Ses éventuels déboires personnels de Sam n'ont en effet jamais entaché sa performance professionnelle. Ce qui est justement quelque part un peu ce qui pose un problème en le cas présent, mais ça, il se garde bien d'en parler.

— C'est pas la question, lui accorde indirectement l'autre, bien que sans lâcher l'affaire pour autant.

— T'as raison, parce que ça va pas t'affecter, l'oncle lui lance sèchement, désireux de conclure cette pénible conversation au plus vite.

— Bien. C'est tout ce que je voulais, Pat cède à moitié, pour le moment en tous cas, levant imperceptiblement les mains en l'air, par signe de reddition subconscient.

— Bien ! valide le maître-chien, au pied duquel son animal est d'ailleurs assis, à surveiller l'échange entre les collègues d'un œil circonspect.

Ces deux-là se prennent régulièrement la tête. S'il est tout à fait apte à détecter les signes d'agressivité, Sing Sing n'a jamais réagi à aucune de leurs disputes, sentant qu'elles sont toujours inoffensives, dans le fond.

— Bonne soirée, Patrick salue justement Sam, comme pour confirmer l'instinct du chien, et ne terminant de toute manière jamais un débat avec son équipier sur une note négative.

Il a appris cette technique de désamorçage des conflits dans un séminaire de gestion de la colère. En règle générale, les conseils qu'il reçoit lors de ces conférences imposées, il n'en pense pas grand-chose, mais dès qu'il est question de son partenaire, il est prêt à faire un petit effort. Et il s'avère que cette méthode a rapidement fait ses preuves, ce qui l'a presque propulsée au rang de rituel pour les deux collègues, dès que le ton monte.

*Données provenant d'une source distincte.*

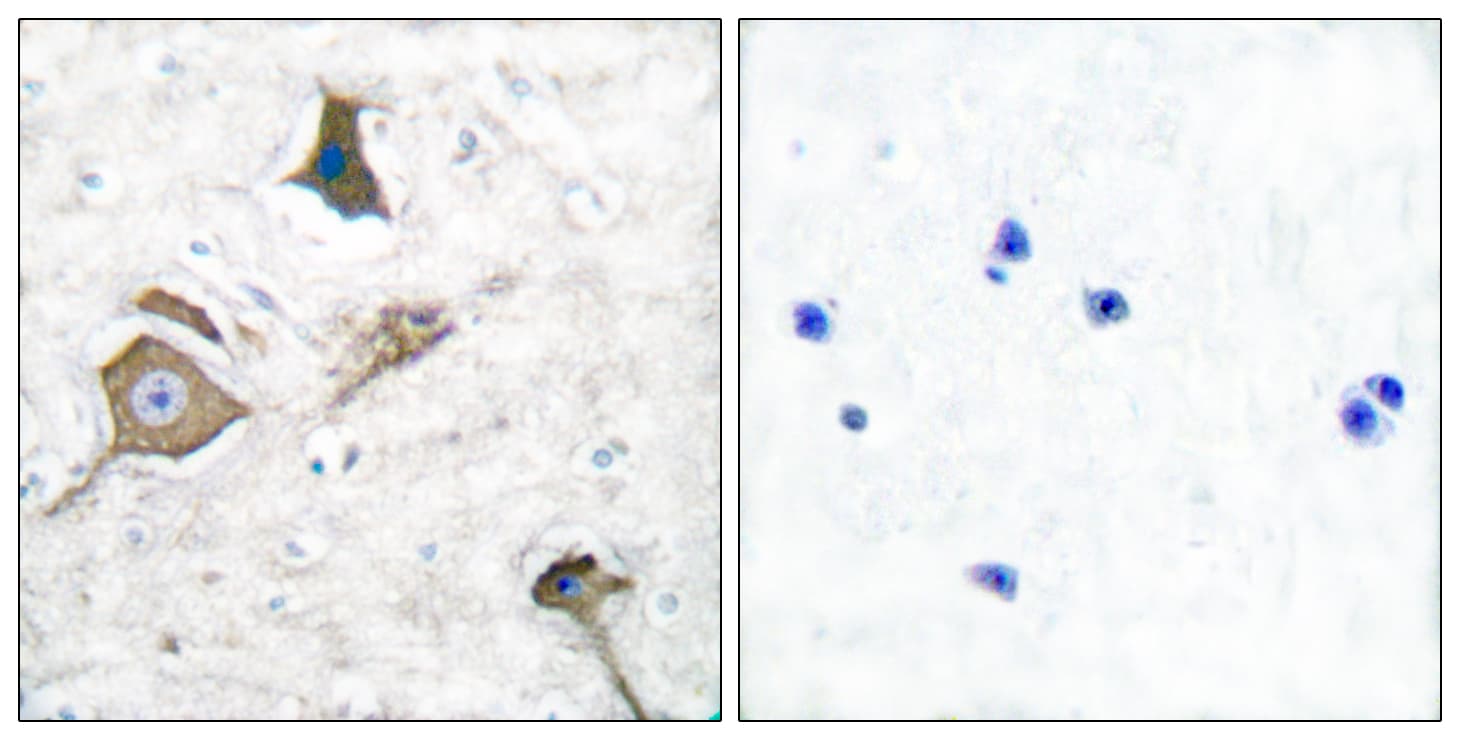Polyclonal Rabbit anti-Human MMP16 Antibody (aa551-600, IHC, WB)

— Ouais, c'est ça, bonne soirée, lui renvoie l'autre, sur le ton de la plaisanterie également, acceptant de ne pas rester fâché.

Il sait pertinemment que le premier commentaire de Patrick partait d'une bonne intention, qu'il ne veut que son bien et celui de l'ensemble de leur équipe de travail au sens large. Et il est conscient que, s'il a réagi aussi violemment, c'est parce que le sujet le dérange. Et si le sujet le dérange, c'est parce qu'il a fait une bêtise. Il n'est pour l'instant pas beaucoup plus avancé sur laquelle qu'au moment où il l'a faite, mais il se rend bien compte qu'il en a fait une tout de même. Et en ce qui le concerne, il considère déjà ça comme un progrès de sa part. Mais de là à laisser son coéquipier lui donner des conseils dans ce département, il y a encore du chemin à parcourir.

Alors qu'il a enfin rejoint son propre véhicule et y a fait monter son chien à côté de lui, tout à ses rouspétances intérieures, il manque de reculer sur deux piétons, qui surgissent derrière sa voiture à l'ultime seconde. Il écrase la pédale de frein juste à temps, mais seul le grand homme blond en costume semble remarquer l'erreur que lui et son compagnon ont commise. Il s'excuse du geste auprès du conducteur, tout en incitant son voisin, à la peau sombre et la veste de sport universitaire, à libérer la voie au plus vite. L'inspecteur fait taire son chien qui grogne curieusement sur ces passants maladroits, puis leur fait comprendre du geste également qu'il n'y a pas de mal. Il quitte ensuite sa place de parking, et lorsqu'il tourne au coin de la rue, il a déjà tout oublié de la paire pourtant atypique, son esprit encombré par d'autres mystères qu'il juge plus importants pour le moment.